Più di trenta secoli fa gli aborigeni della Sicilia opposero resistenza come meglio poterono al predominio degli armamenti e all’arte militare degli invasori cartaginesi e greci. Vennero resi tributari, ma non furono mai del tutto sottomessi né dagli uni né dagli altri. Per lungo tempo la Sicilia fu il campo di battaglia dei greci e dei cartaginesi; la sua gente fu ridotta in rovina e in parte resa schiava; le sue città, abitate da cartaginesi e greci, furono i centri da cui oppressione e schiavitù si diffusero all’interno dell’isola. Questi primi siciliani, tuttavia, non persero mai l’occasione di lottare per la libertà, o almeno di vendicarsi quanto più potevano dei loro padroni cartaginesi e di Siracusa. I romani infine sottomisero cartaginesi e siracusani, vendendone come schiavi il maggior numero possibile. Furono così venduti tutti in una volta 30.000 abitanti di Panormo, la moderna Palermo. I romani fecero lavorare la terra siciliana da innumerevoli squadre di schiavi, allo scopo di sfamare i proletari poveri della Città Eterna con il grano siciliano. In vista di ciò, non solo resero schiavi gli abitanti dell’isola, ma importarono schiavi da tutti gli altri loro domini.
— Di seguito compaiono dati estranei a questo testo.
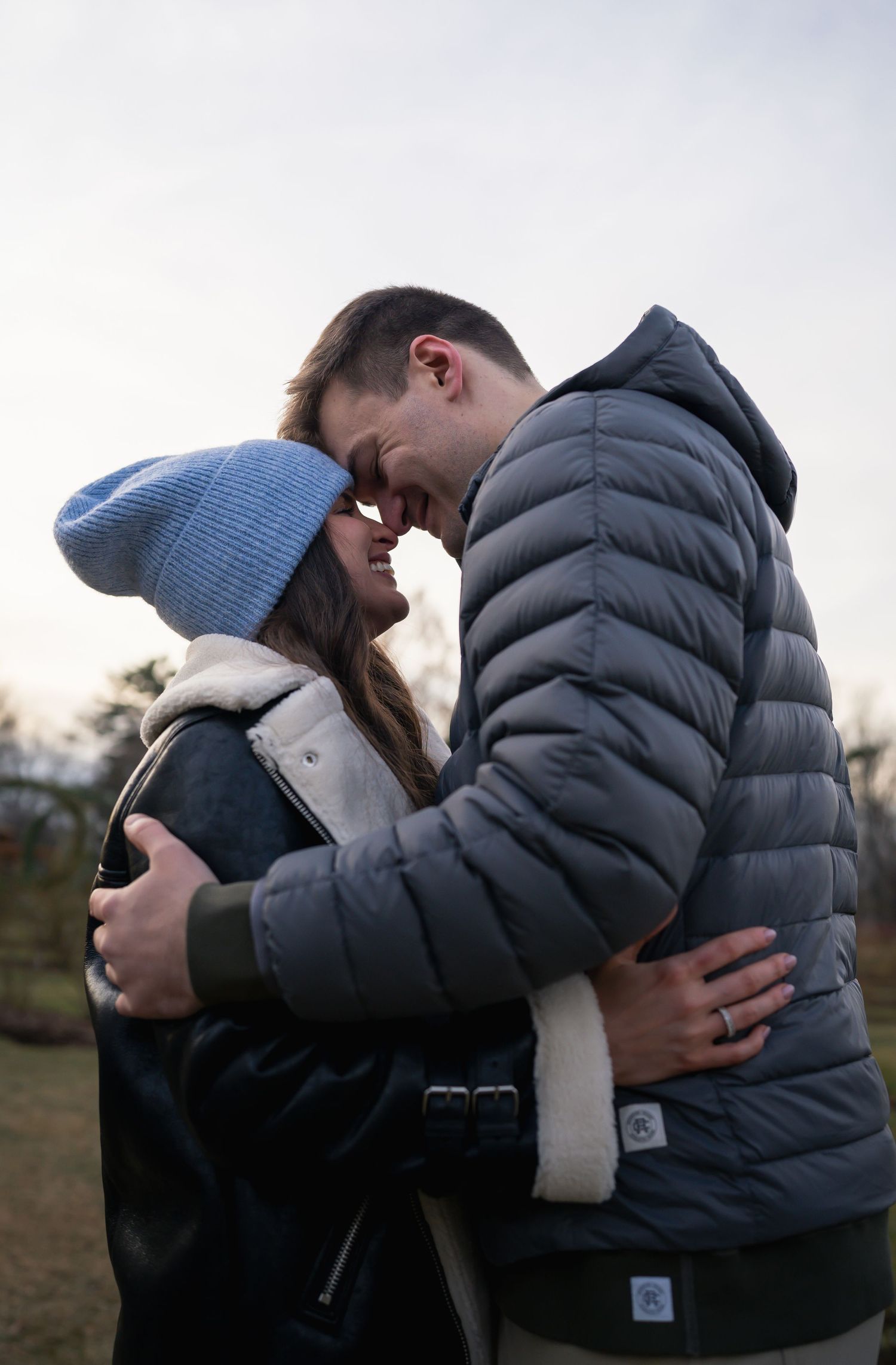 winter engagements photo session in elizabeth park photos of couple embrace 2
Le terribili crudeltà dei proconsoli, pretori, prefetti romani sono note a chiunque abbia un certo grado di familiarità con la storia di Roma, o con l’oratoria ciceroniana. In nessun altro luogo, forse, la crudeltà romana arrivò a tali orge. I cittadini poveri e i piccoli proprietari terrieri, se non erano in grado di pagare lo schiacciante tributo loro richiesto, erano senza pietà venduti come schiavi, essi stessi o i loro figli, dagli esattori delle imposte.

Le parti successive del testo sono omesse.